Matthias Reichelt
Julian Rosefeldt
Hamburger Bahnhof – Museum für Gegenwart, Berlin, 10.2.–10.7.2016
Kritik an Gegenwart und Vergangenheit, Bruch mit beidem und Proklamation radikaler Veränderungen für die Zukunft, so könnte die allgemeine Konstruktion von Manifesten beschrieben werden. Julian Rosefeldt hat sich in einer sehr aufwendigen und 13-Kanal-Videoinstallation mit Künstlermanifesten auseinandergesetzt.
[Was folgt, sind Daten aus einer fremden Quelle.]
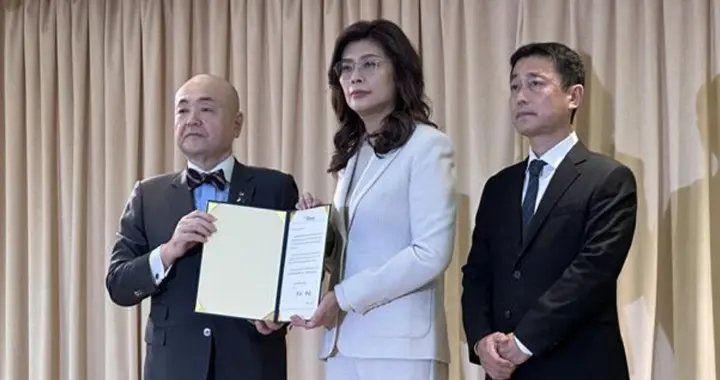 非要选在这一天！郑丽文向日本捐款100万，国民党：友好互动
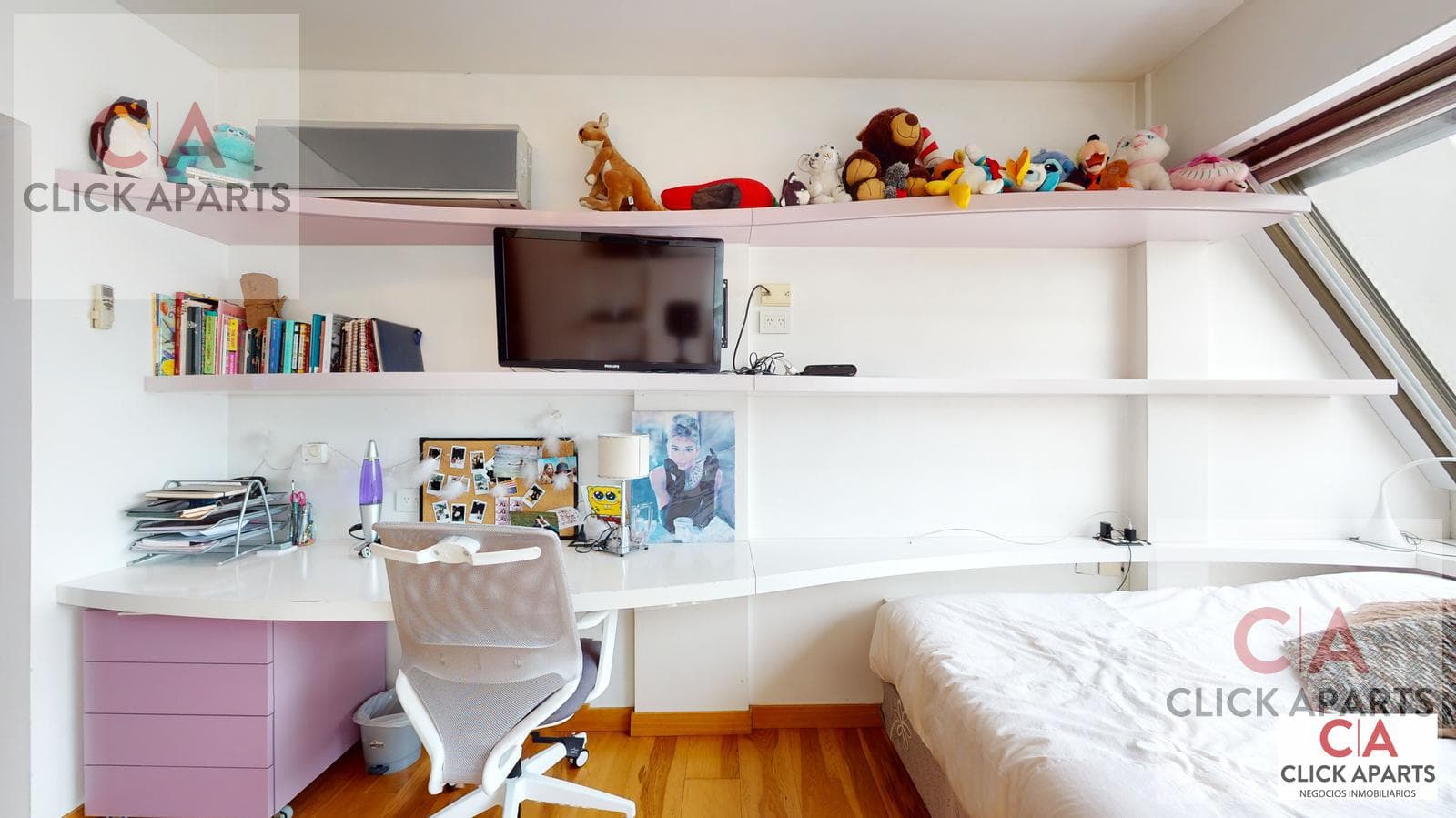 FOR SALE - 6-ROOM UPPER-FLOOR APARTMENT - WILL ACCEPT APARTMENTS OR LAND AS PART OF PAYMENT - CABALLITO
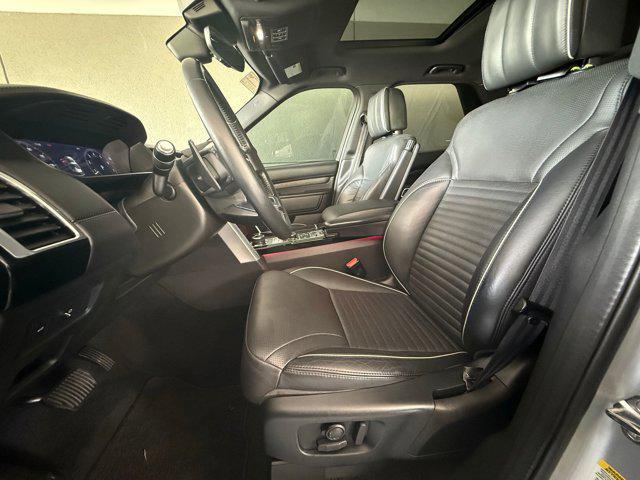 used 2019 Land Rover Discovery car, priced at $18,724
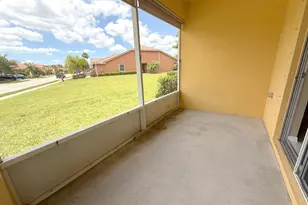 6510 Oxford Cir, Vero Beach, FL 32966 - Photo 16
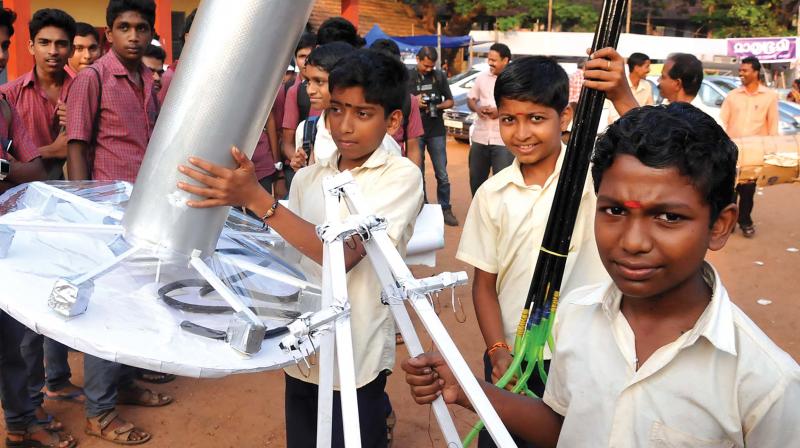 Students who have taken up vocational subjects at the State Science Fair. (Photo: DC) Students who have taken up vocational subjects at the State Science Fair. (Photo: DC)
In zwölf dieser Filme verkörpert die extrem wandlungsfähige und experimentierfreudige Hollywood-Schauspielerin Cate Blanchett die jeweilige Hauptrolle, in einer Geschichte spielt sie sogar beide zentralen Figuren. Julian Rosefeldt interessierte sich nicht für die theatralischen Situationen, in denen die Manifeste appellativ vorgetragen und zelebriert wurden und versuchte erst gar nicht, sie historisch nachzustellen. Im Gegenteil, er hat sich für die jeweils zehnminütigen Filme eigene Geschichten einfallen lassen, die den meist aus mehreren Manifesten von Rosefeldt kompilierten Text bildhaft unterstreichen, konterkarieren, oder gar ironisieren. Alle Projektionen finden in einem Raum im Seitenflügel des Hamburger Bahnhofs statt und sind dort räumlich nicht durch Trennwände voneinander separiert. Somit wird das Ganze auch als Polyphonie bzw. Kakophonie der sich gegenseitig störenden und miteinander konkurrierenden Monologe erlebt. Auch wenn die Konzentration auf die einzelnen Geschichten darunter leiden mag, ist diese sich überlagernde Sprache und Deklamation der Manifeste eine durchaus bewusste Entscheidung Rosefeldts, die unserem multimedialen Alltag entspricht. Heilsversprechungen, Analysen und Rezepte für die Lösung gesellschaftlicher Probleme werden dem Publikum rund um die Uhr auf allen massenmedialen Kanälen um die Ohren gehauen.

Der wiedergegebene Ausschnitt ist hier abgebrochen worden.